IN THE HIGH COURT OF KERALA AT ERNAKULAM
P. V. BALAKRISHNAN, J
M.J.BIJU – Appellant
Versus
STATE OF KERALA – Respondent
Crl.Rev.Pet 426/2016



Advocates:
SRI.V.A.SATHEESH SRI.V.T.MADHAVANUNNI

The prosecution must prove the exact information leading to recovery of stolen property; failure to do so undermines the conviction.

Headnote:(A) Indian Penal Code, 1860 - Sections 454 and 380 - Conviction for house-breaking and theft - The accused was convicted and sentenced by the Trial Court, which was upheld by the Sessions Court - The prosecution failed to prove the recovery of the stolen television beyond reasonable doubt, as the evidence was insufficient and the material object was not produced - The courts below did not appreciate the evidence correctly. (Paras 1-8)

(B) Evidence Act, 1872 - Section 27 - Recovery of stolen property - The prosecution must establish the exact words of information given by the accused leading to recovery, which was not done in this case. (Paras 6-7)

Facts of the case:
The accused was charged with house-breaking and theft of a television. The conviction was based on the alleged recovery of the television, but the evidence linking the accused to the crime was found lacking.

Findings of Court:
The prosecution failed to prove the case beyond reasonable doubt, leading to the conclusion that the conviction was unjustified.

Issues: The main issues were the sufficiency of evidence linking the accused to the crime and the validity of the recovery of the stolen television.

Ratio Decidendi: The court ruled that the prosecution's failure to provide credible evidence of recovery and the lack of material witnesses undermined the conviction.

Result: Revision petition allowed, conviction and sentence set aside.

ORDER

The revision petitioner is the sole accused in C.C.No.62/2007 on the files of the Judicial First Class Magistrate Court, Payyannur. He stood trial for committing the offences punishable under Sections 457 and 380 of IPC before that court and was found guilty, convicted and sentenced under Sections 454 and 380 of . The Trial Court sentenced the accused to undergo rigorous imprisonment for a period of one year and to pay a fine of Rs.2,000/- under Section 454 , with a default clause and also for a period of one year and to pay a fine of Rs.3,000/-under Section 380 , with a default clause.

2. Aggrieved by the conviction and sentence, the revision petitioner/accused preferred Criminal Appeal No.468/2010 before the Sessions Court, Thalassery.

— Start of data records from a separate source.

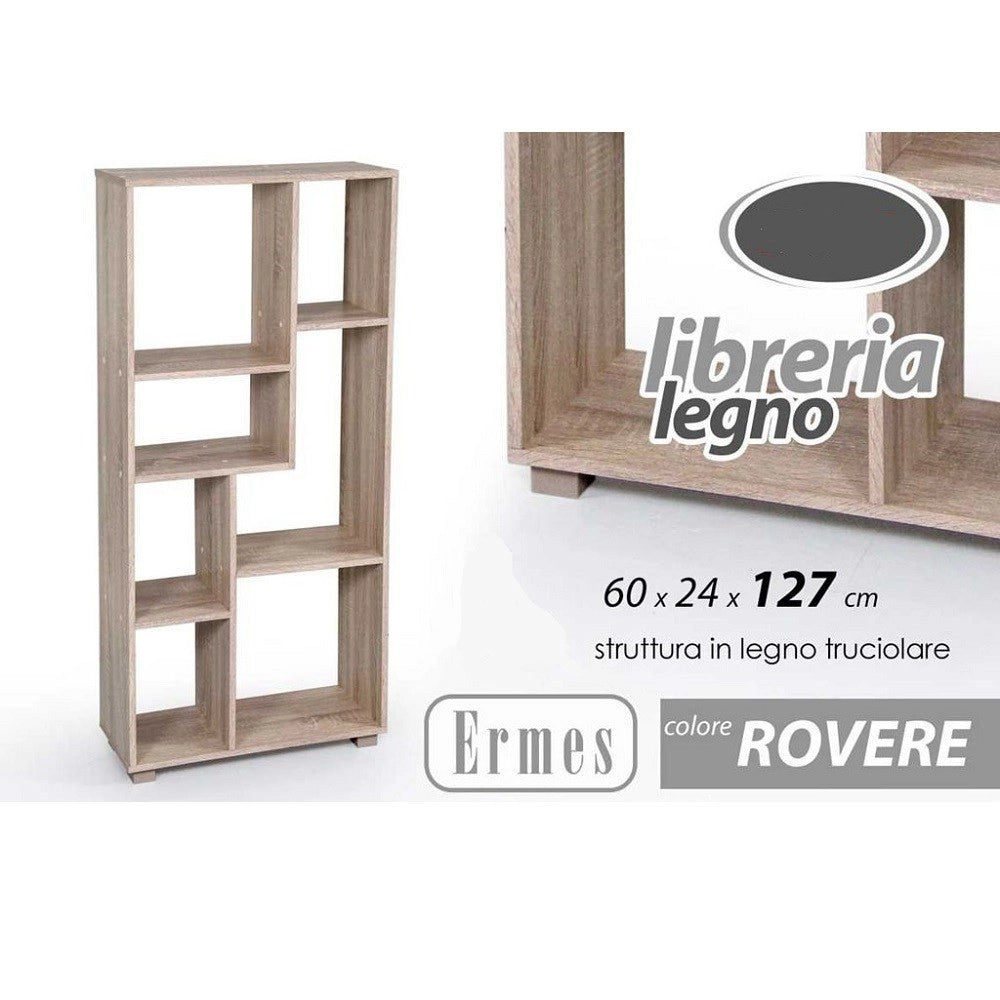Trade Shop - Libreria Design Moderna Scaffale 7 Ripiani Rovere Casa Uffici 127x60x24cm 750878 -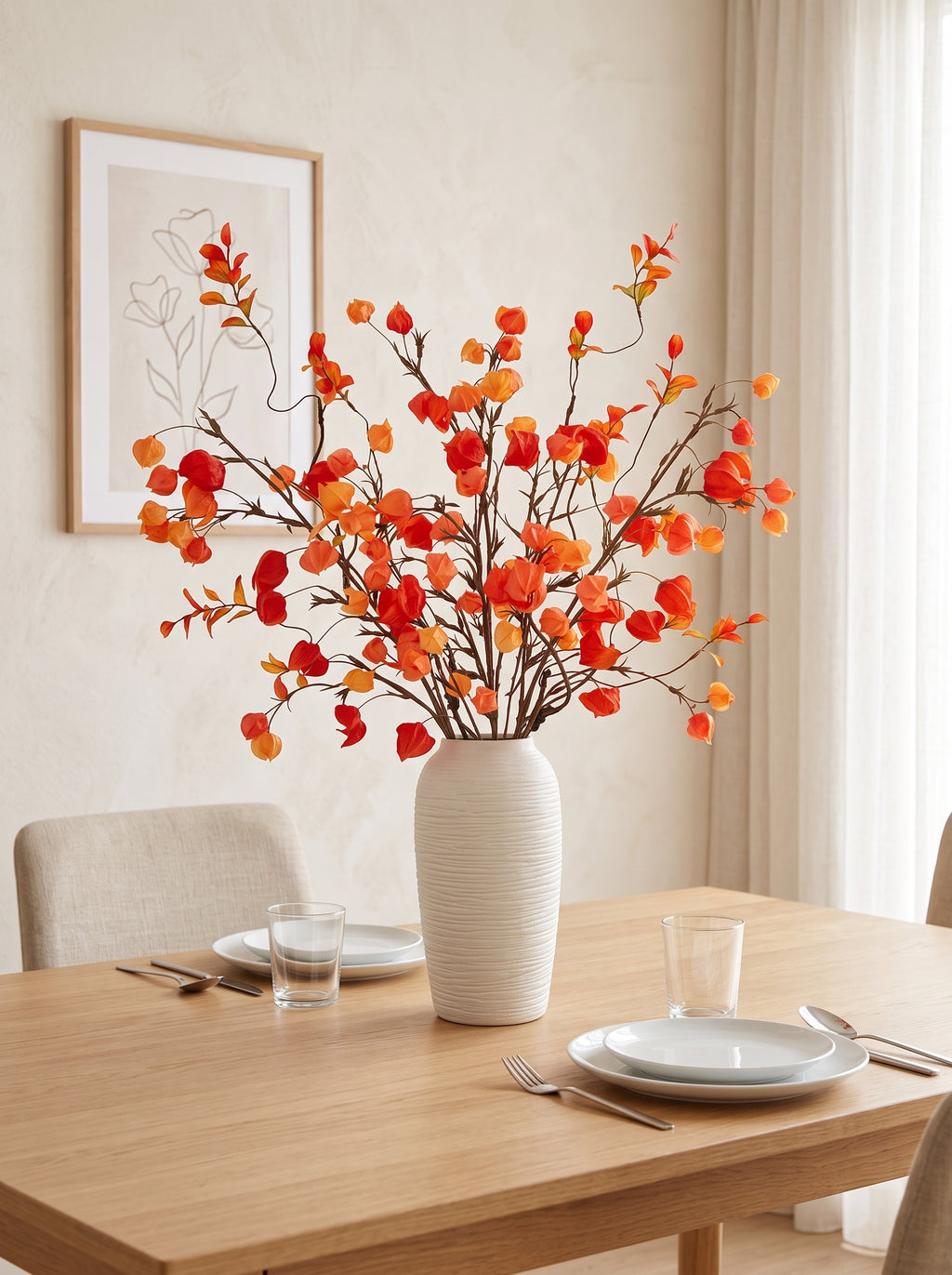 Franse plattelandsstijl met warme terracotta-kleurige physalis, kunstbloemschikking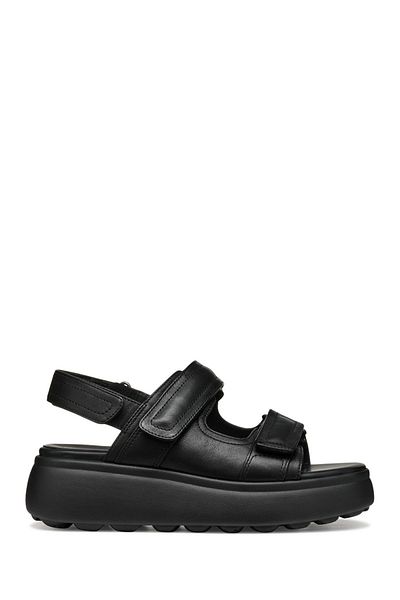 Geox Women's Black D Spherica Ec4.1 S a - Nappa Banded Leather Sandals D55D4B00085C9999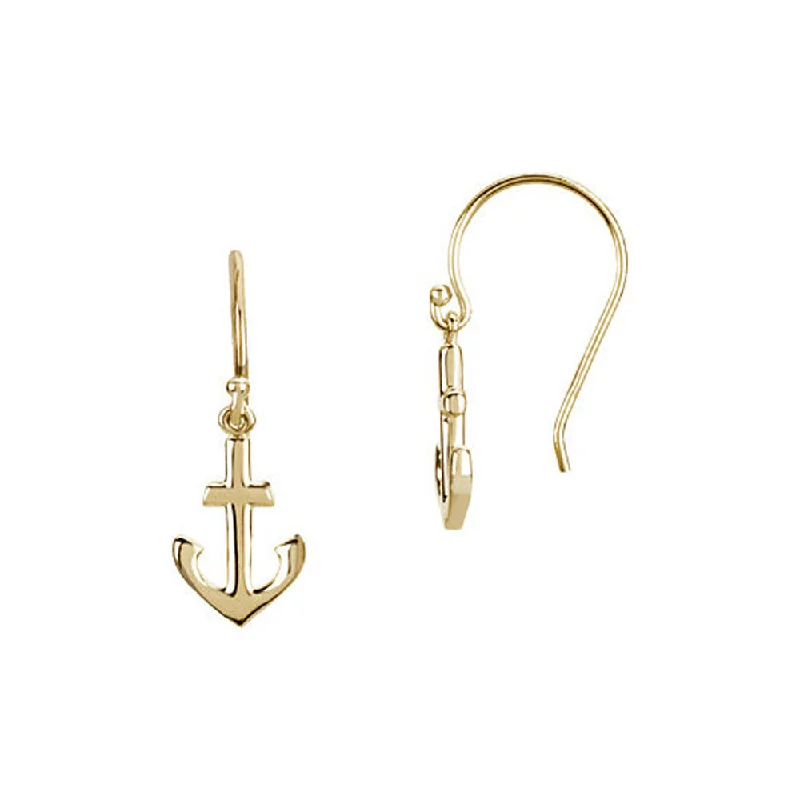 Women's earrings micro-gold-Petite Anchor Dangle Earrings in 14k Yellow Gold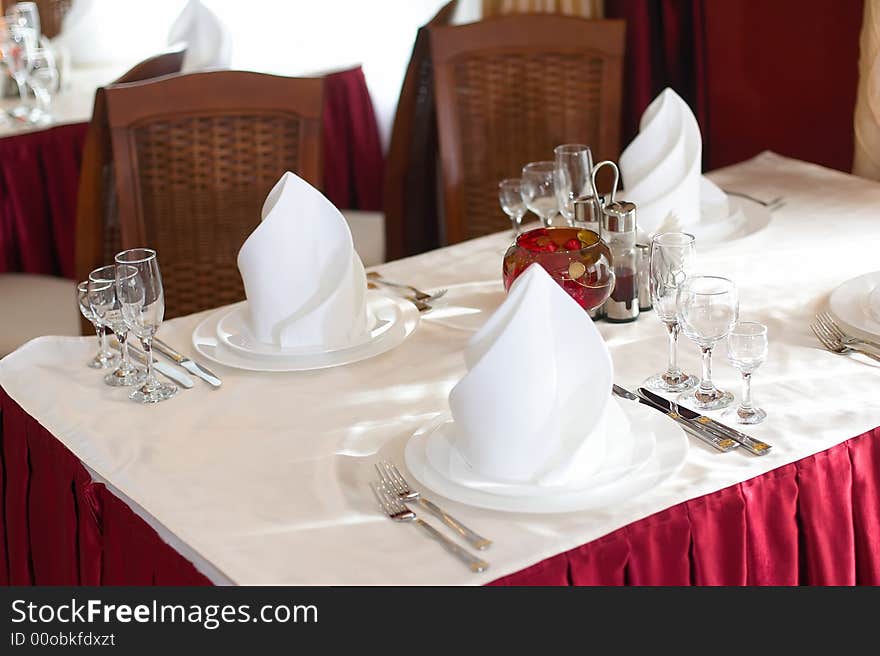 The served table before a holiday at restaurant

As per judgment dated 06.07.2015, the learned Additional Session Judge-I, Thalassery confirmed the conviction and sentence passed against the accused and dismissed the appeal.

3. Heard the learned counsel for the revision petitioner and the learned Public Prosecutor.

4. The learned counsel for the revision petitioner contended that, even if the entire evidence adduced by the prosecution is accepted as true, no conviction under Sections 454 and 380 of IPC can be sustained against the revision petitioner. He argued that, even though PW1 and PW3 have given evidence about the house-breaking and the missing of a television set, the prosecution has not adduced any convincing evidence to link the accused with the crime. He submitted that the entire prosecution case rests upon an alleged recovery of the television under Section 27 of the Evidence Act, which is not proved. He also argued that the independent witness examined to prove the recovery has turned hostile and the material object (T.V.) has not been produced before the Trial Court and identified by the material witnesses. Hence, he prayed that this revision petition may be allowed.

5. Per contra, the learned Public Prosecutor supported the impugned judgments and contended that there are no grounds to interfere with it. She argued that the evidence of PW7 coupled with Ext.P4 proves the recovery and there are no reasons to doubt it. She submitted that even if independent witness did not fully support the recovery, the evidence of PW7 on this aspect is credible and cogent. She further submitted that the evidence of PW1 and PW3 would prove that the theft had taken place from the house which was in their possession, after breaking it open, sometime between 26.08.2001 and 08.09.2001. She would also submit that the non production and identification of the television in the Trial Court is not fatal since, its identity has been proved by the evidence of PW1, PW7 and Ext.P2 document. Hence, she prayed that this Crl.RP may be dismissed.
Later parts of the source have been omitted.